Even if the software that runs the remote attestation is honest (say,
because I'm running some Windows-based scheme that I can't easily
change), I can still elect to boot into Linux, authenticate to the TPM
with the owner password, and ask it to perform whatever operations I
want with whatever PCR configuration I want.

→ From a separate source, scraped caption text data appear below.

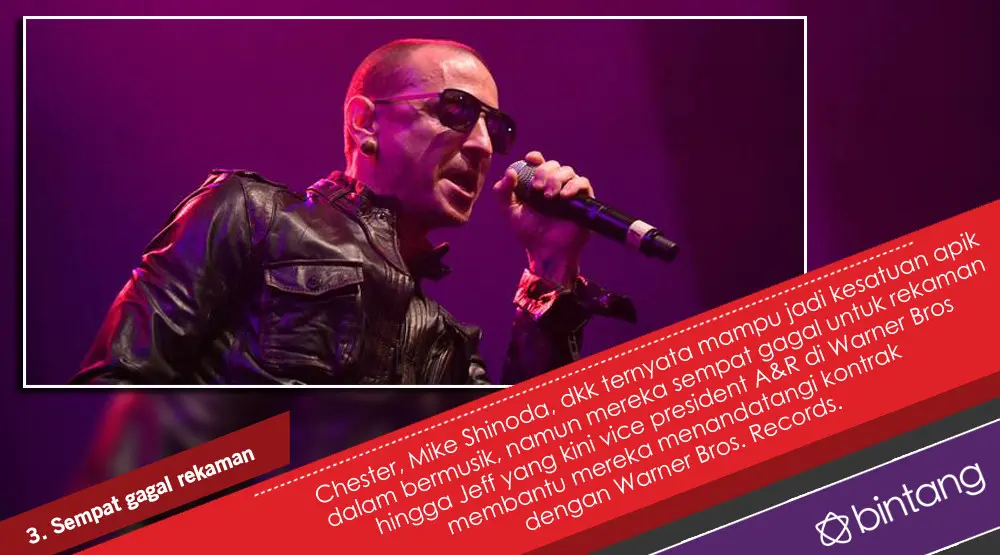 Menilik Perjalanan Chester Bennington Bersama Linkin Park. (Foto: AFP/Mike Windle/GETTY IMAGES NORTH AMERICA, Desain: Nurman Abdul Hakim/Bintang.com)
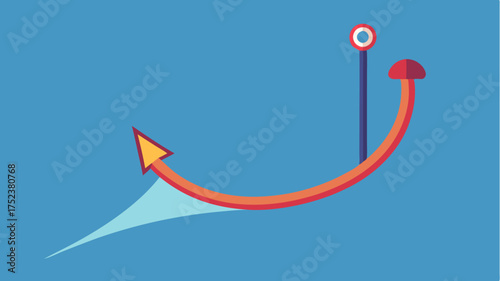 An elegant design of a vector path tool represented by a long sweeping curve with anchor points illustrating the basics of vector graphic design.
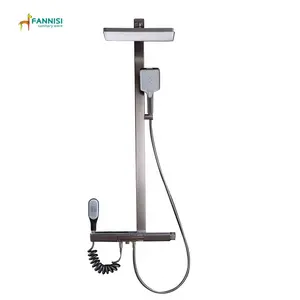 Factory Direct Contemporary Single-Handle Wall-Mounted Shower Unit with Rain Jet System Including Shower Seat Bathroom Supplier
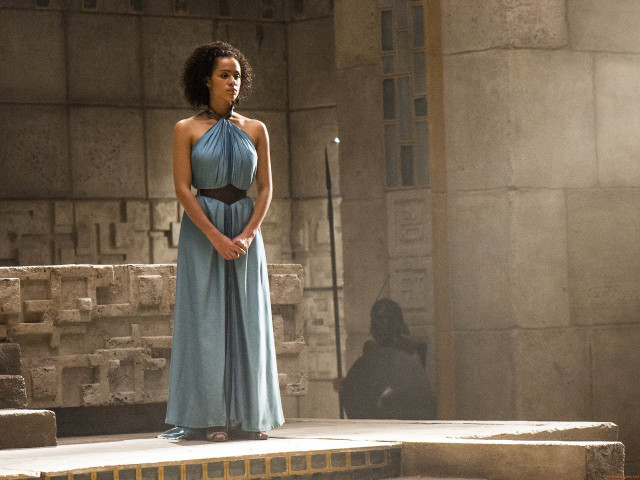 Woman blue dress stone platform free wallpaper for desktop - medium preview image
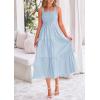 imagePRETTYGARDEN Womens Smocked Midi Dress 2025 Summer Ruffle A Line Long Flowy Dresses Cute Sleeveless Beach SundressLight Blue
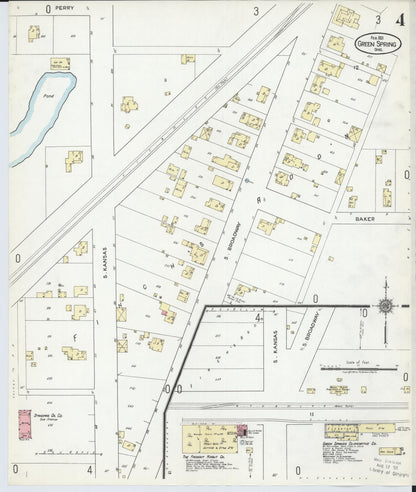Sanborn Fire Insurance Map from Green Springs, Sandusky And Seneca Counties, Ohio (1921), Sheet #0004 - Historic Sanborn Fire Insurance Map Print, vintage old map wall art, antique decor, genealogy gift, Ohio Ohio map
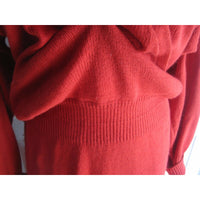 Mr. Mort Knit Wrap Blouson Sweater Dress Leaf Applique Womens M Silk Angora Vtg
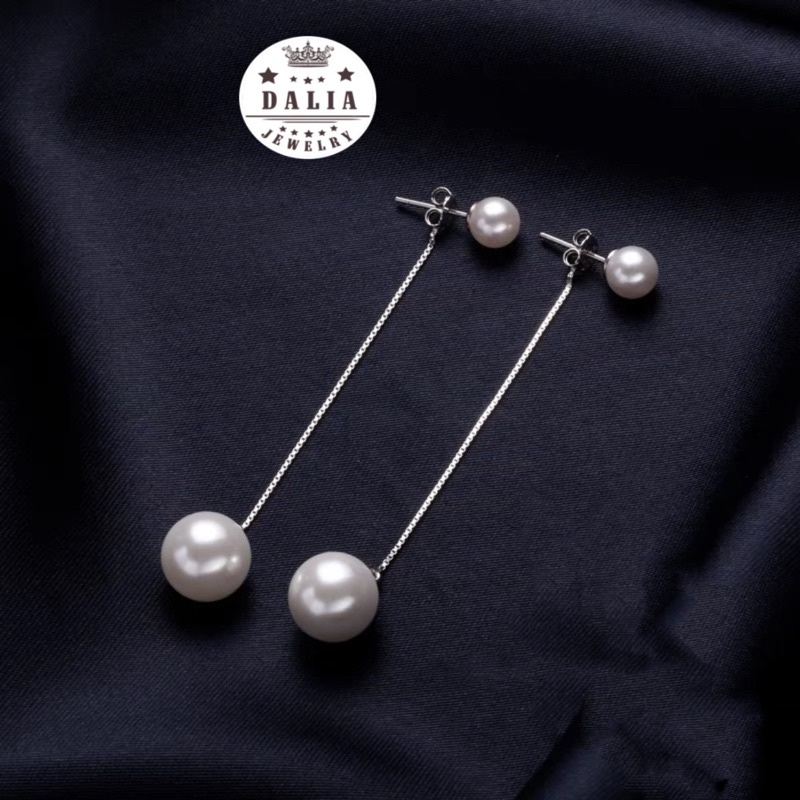 Bông tai bạc nữ thật dáng dài hạt trai nhân tạo DaLiA Jewelry tiểu thư xinh xắn chuẩn bạc 925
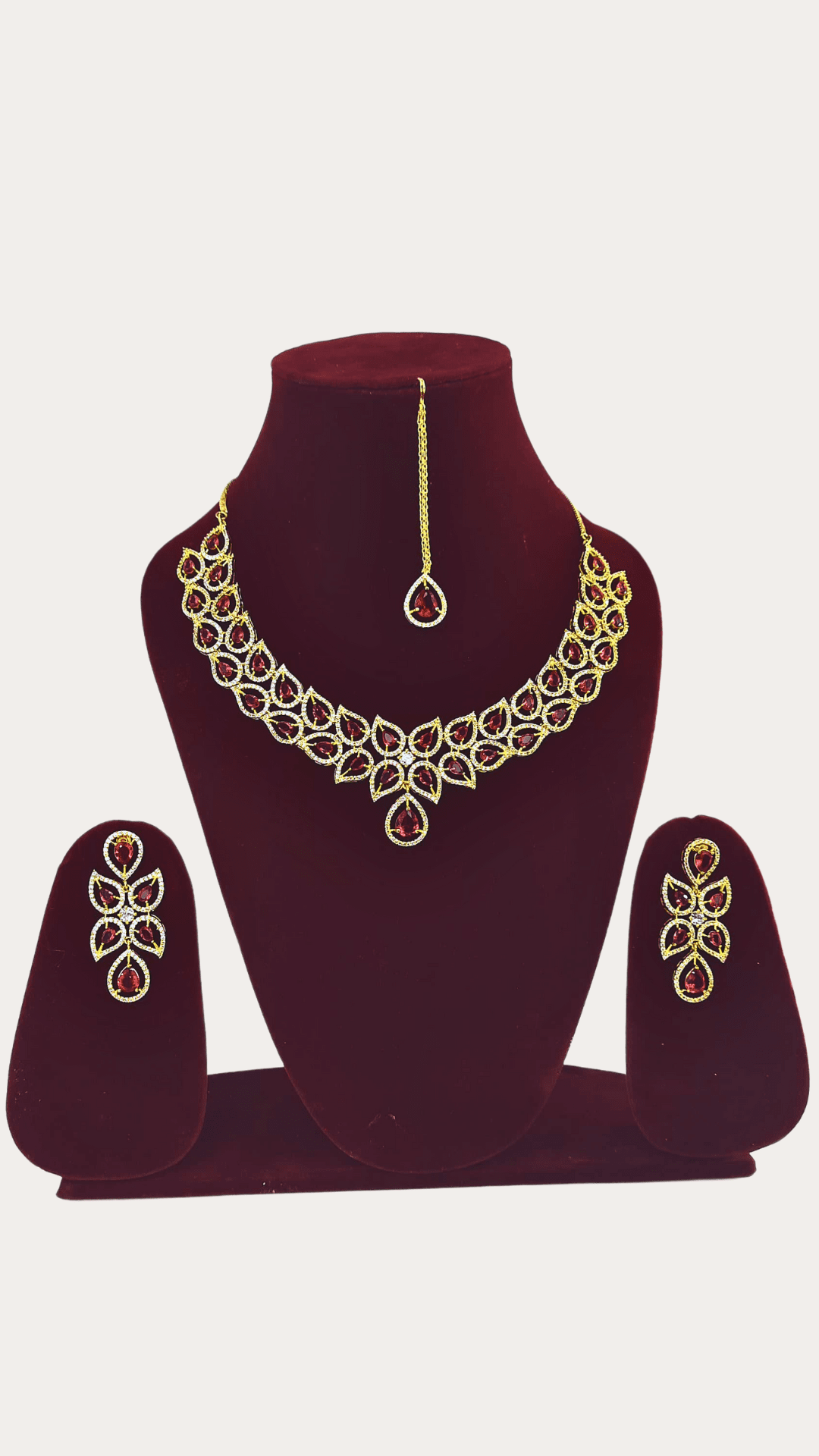 Costume Ad Stone Fitted Elegant Rose Colour Necklace Set With Maang Tikka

> For these reasons, I'd like to encourage you to consider the ethical
> implications of using and supporting this technology, and look for
> alternatives that would satisfy whatever needs you had in it (I'd welcome
> some discussion about that, to see how GRUB can help).
--
-Julian Blake Kongslie
<jblake@omgwallhack.org>
If this is a mailing list, please CC me on replies.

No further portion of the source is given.